**TASK OBJECTIVE:**
Nothing but the lines from the one holding "Harveys seatbelt cherry" through the last line of the material below should be set down, exactly and without images.

**INFORMATION SHOWN:**
____
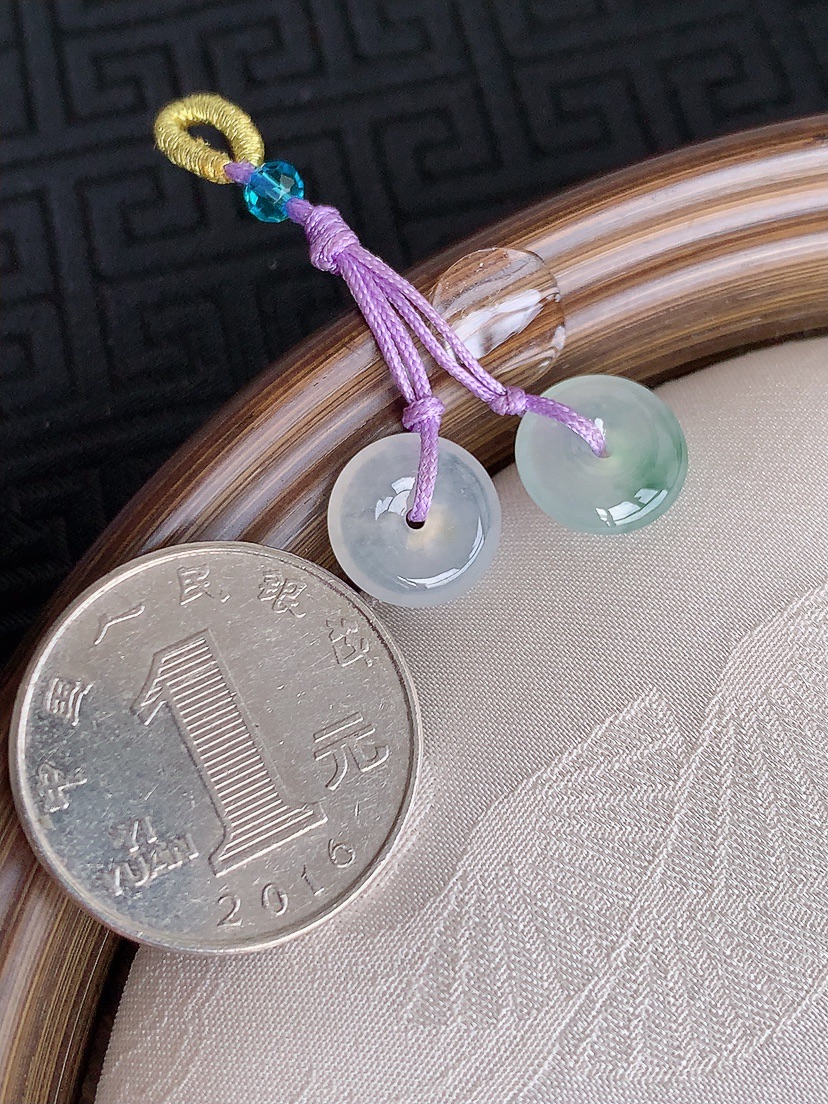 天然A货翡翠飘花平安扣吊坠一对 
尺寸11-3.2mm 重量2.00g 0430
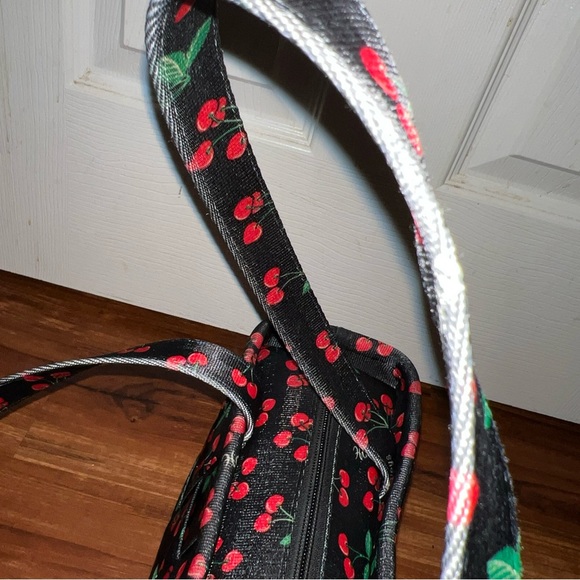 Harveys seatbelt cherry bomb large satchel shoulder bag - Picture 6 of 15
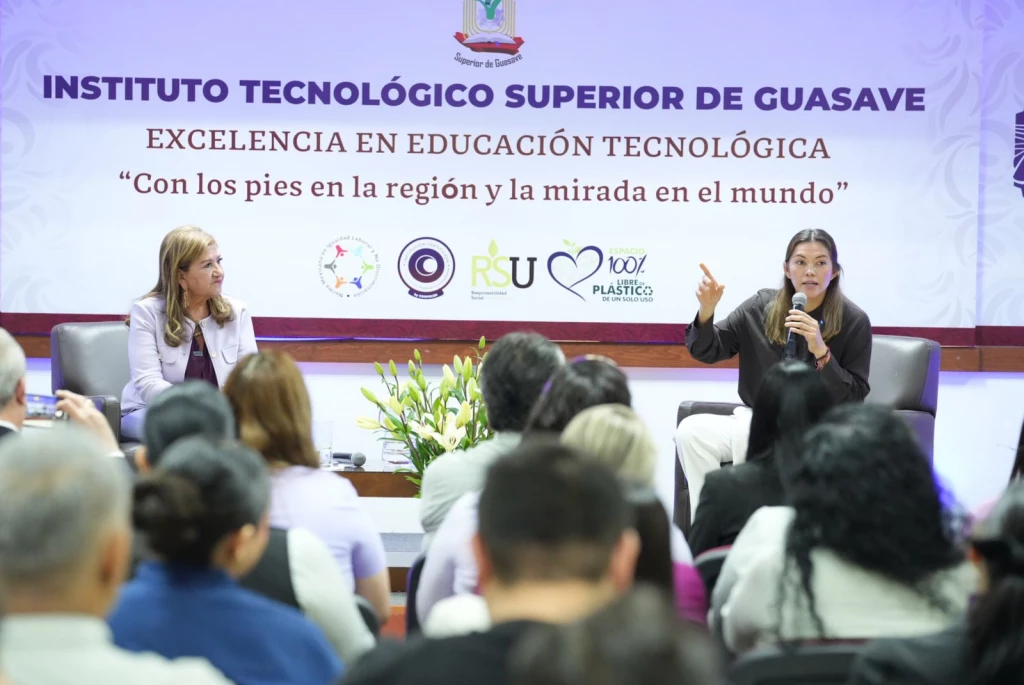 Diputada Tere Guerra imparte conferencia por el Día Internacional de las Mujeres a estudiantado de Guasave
____
**COMPLETED TASK:**
 Harveys seatbelt cherry bomb large satchel shoulder bag - Picture 6 of 15
 Diputada Tere Guerra imparte conferencia por el Día Internacional de las Mujeres a estudiantado de Guasave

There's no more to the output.